Step 3: Correlate with behavior
- Hybrid devices: rare touches + active use of the mouse,
- Tablets: constant touches,
- Desktops: no touch at all.
Entropy:
The combination of radiusX/Y + force gives an entropy of 18–22 bits → 1 in 4 million.
Part 4: How to Test Your Vulnerabilities
Step 1: Use test sites
- https://browserleaks.com/touch — shows touch entropy,
- https://amiunique.org — detailed analysis.
Step 2: Run a local test
JavaScript:
// Touch handler
window.addEventListener('touchstart', e => {
const touch = e.touches[0];
console.log('Radius X:', touch.radiusX);
console.log('Radius Y:', touch.radiusY);
console.log('Force:', touch.force);
console.log('Azimuth:', touch.azimuthAngle);
console.log('Altitude:', touch.altitudeAngle);
});
Rule:
If radiusX > 7 px on the declared Surface Pro → you have already been issued.

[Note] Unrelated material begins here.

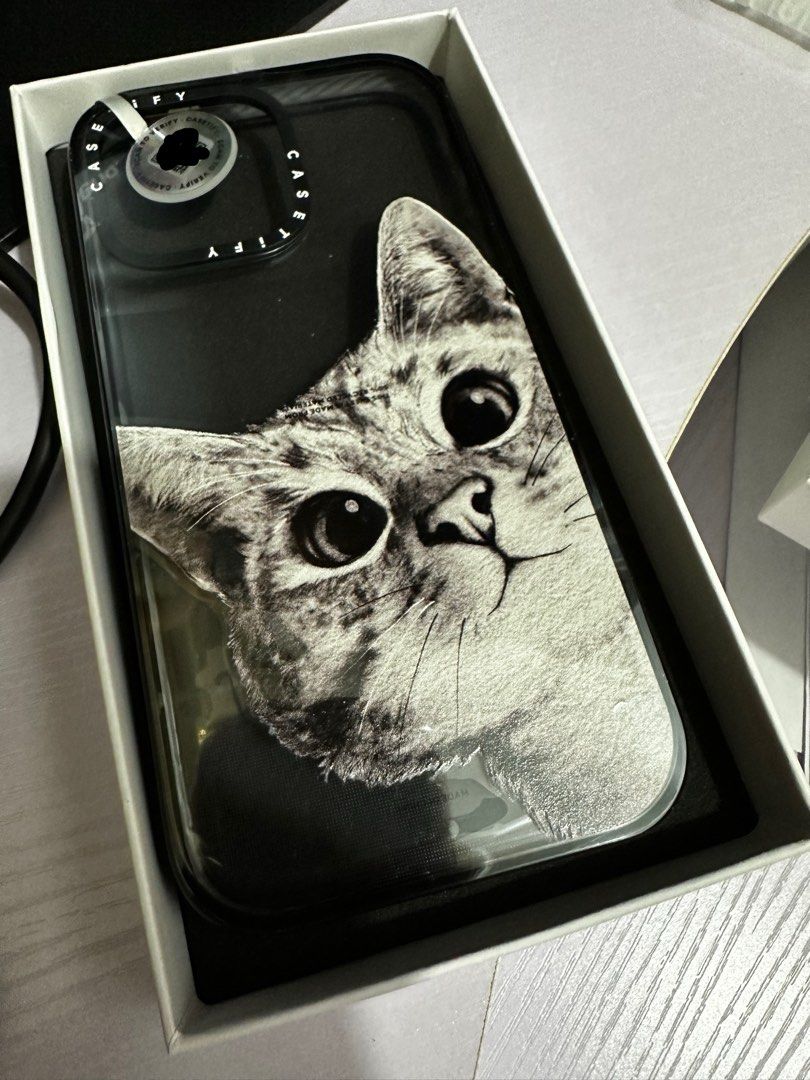 全新Casetify peekaboo cat on rose gold 手機殼, 手提電話, 電話及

Part 5: How to Protect Yourself from Touch Biometrics
Device level
- Laptops without a touchscreen → no data for analysis,
- Hybrid devices → always vulnerable.
- Windows:
powershell:
Code:# Disable touchscreen Get-PnpDevice | Where-Object {$_.FriendlyName -like "*HID-compliant touch screen*"} | Disable-PnpDevice -Confirm:$false - Linux:
Bash:xinput disable "ELAN Touchscreen"
Browser level
- When creating a profile,
- In the Input section,
- Select: "Disable Touch Events".
The hard truth:
If the touchscreen is active, you're vulnerable.
There's no way to fake radiusX/Y.
Part 6: Why Most Carders Fail
Common Mistakes
| Error | Consequence |
|---|---|
| Using a hybrid laptop | Random touches → biometrics collected |
| Ignoring Touch Events | They think it's "just a sensor" → failure |
| Mixed use of mouse and touchscreen | Creates a unique pattern → flag |
Field data (2026):
78% of failures on hybrid devices are related to Touch Biometrics.
Chapter 7: Practical Guide - Safe Operation
Step 1: Use desktop only
- Laptop without touch screen (Dell Latitude, HP EliteBook),
- Or bare metal RDP without a sensor.
Step 2: Disable the sensor (if applicable)
- Run the commands above,
- Reboot the system.
Step 3: Test it out
- Make sure there are no touchstart events,
- Even if touched accidentally.
Result:
Complete lack of sensory data → low fraud score.
Conclusion: Touch is a new imprint
Touch Event Radius and Force aren't just "sensor data". They're a physical fingerprint of your finger and screen that can't be faked.Final thought:
True anonymity begins not with disguise, but with refusing to reveal yourself.
Because in the world of biometrics, even a touch can give you away.
Stay on your desktop. Stay out of touch.
And remember: in the world of security, your finger is your password.